Então, quando a pessoa fala da China para criticar, tem de lembrar que [o contrato com a China] é de transferência de tecnologia. Agora estamos desenvolvendo a Butanvac e que bom que temos essa tecnologia com uma fábrica aqui capaz de atender ao SUS com rapidez. Porque numa próxima epidemia, e sabemos que terão outras, precisaremos ter rapidez. É isso que temos de fazer: e não comprar vacina ao triplo do preço de um país que não vai priorizar a gente. Cada um vai olhar para o seu umbigo.

Pelas redes sociais, são muitas as críticas que chegam?

Sim. Tem muita crítica, uma rejeição muito grande à vacina [Coronavac] por ela ser chinesa. As pessoas xingam. Atrás do computador todo mundo é muito mais agressivo e corajoso, então os ataques vêm. Os ataques vêm, a gente sabe quando tem robô, quando o perfil é falso. A pandemia revelou esse momento histórico que a gente vive, o das fake news.

E não só no Brasil. E a pandemia chegou em um momento em que existe uma rejeição a vacinas, um movimento antivacina muito grande pelo mundo. E aqui no Brasil não é diferente. A gente já vinha de coberturas vacinais baixas, já estava com o sinal vermelho aceso. […] O brasileiro pode não admitir que se vacinou, mas a maioria se vacinou. Na dúvida, ele vai e se vacina.

E como informar corretamente o público?

A única arma que a gente tem, e eu nem gosto de usar a palavra arma porque ela é muito usada hoje por esse governo [federal], é a informação correta. Se a pessoa fala mentira, a gente põe um especialista, um cientista para rebater, mostrar que não é verdade por causa disso e daquilo. E damos material para a pessoa compartilhar. Porque tem gente que faz isso [produzir fake news] de má fé, mas isso acaba chegando a pessoas que vão achar que é verdade. Então temos de rebater o quanto antes, enfatizar que "o Butantan diz que isso não é verdade".

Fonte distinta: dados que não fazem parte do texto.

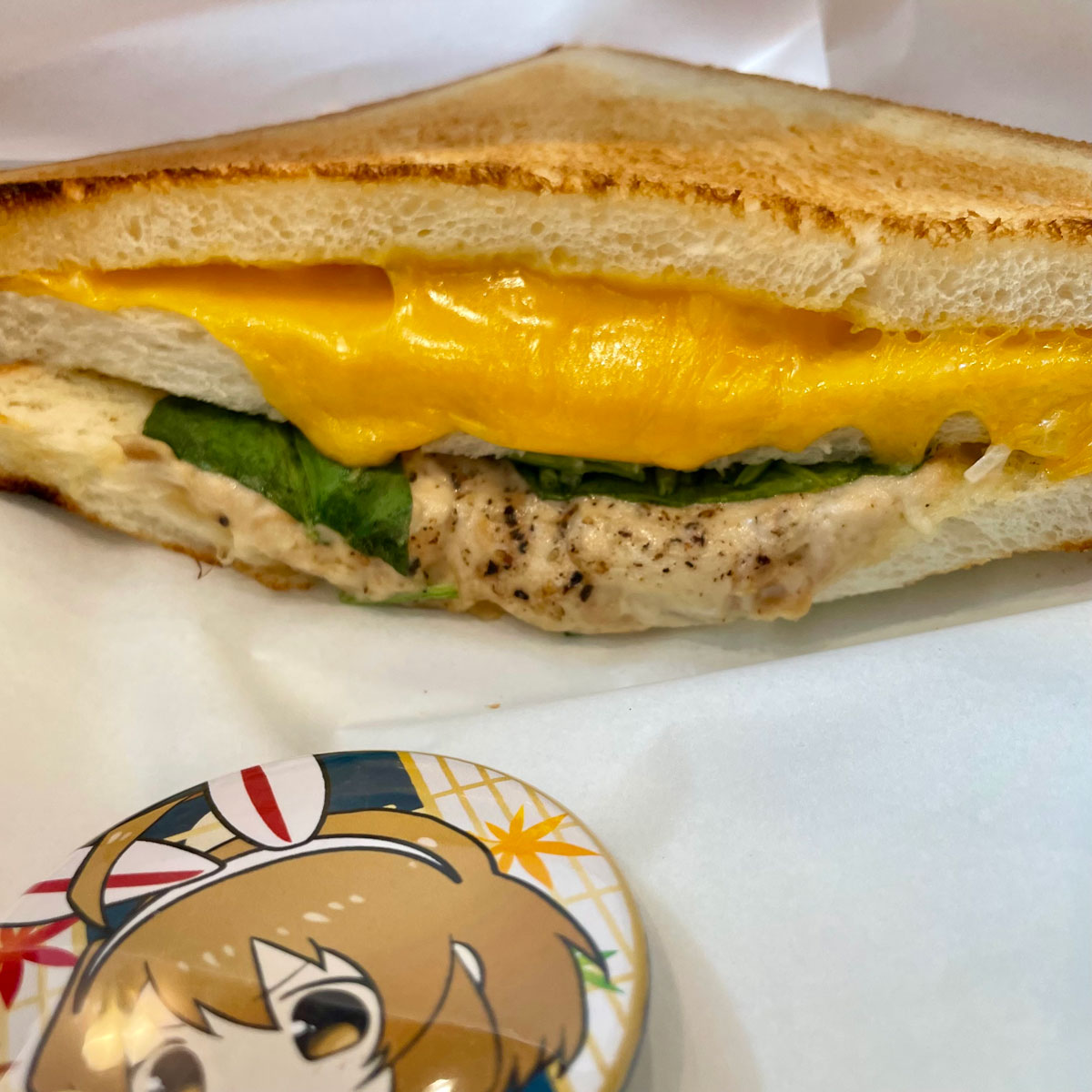 缶バッジ制作のEntowa's【公式】💙 tweet media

Vocês respondem um a um? A ideia é sempre interagir com todos?

Temos um FAQ [uma lista de Frequently Asked Questions, ou ‘questões frequentemente perguntadas'] no qual colocamos respostas mais frequentes de determinado assunto e, aí, vamos interagindo com as pessoas que estão mais escrevendo sobre esses temas. Quando vemos que um assunto está circulando muito, aí fazemos um post para rebater. Tem a interação pessoa a pessoa. Deixamos umas respostas prontas sobre o assunto e vamos tentando responder à medida do possível, porque é muita gente. […] E às vezes a gente apanha, né?

Houve algum momento em que foi mais difícil por conta dessas reações?

Olha, toda semana a gente tem um momento de falar "meu Deus do céu". É muito difícil. Porque a gente tem um governo federal que bate o tempo todo. E vêm coisas muito inacreditáveis. Parece que o fim do túnel não chega, é cada vez mais fundo.

A gente apanha, apanha, apanha. Porque existe uma rejeição por conta de [a vacina] ser chinesa, as pessoas têm essa fantasia de que por ser de lá é pior. […] A gente tem de pôr a informação de que a Coronavac salvou muitos idosos, já que os idosos quase todos tomaram a Coronavac. Quando acontece alguma coisa com a Coronavac, a história é hipervalorizada. E quando alguém tem alguma reação grave a qualquer vacina, a gente vai para o mesmo balaio, no discurso de que "nenhuma vacina presta".

Qual o plano para manter o público engajado depois da pandemia?

Infelizmente, está longe de acabar a pandemia. Mas eu acho que a ciência está um pouco mais popularizada. Eu fiz um trabalho aqui criando porta-vozes para falar de assuntos de forma clara. Qualquer assunto falado de forma leve atrai público. As pandemias vão ser mais frequentes, e vamos precisar comunicar.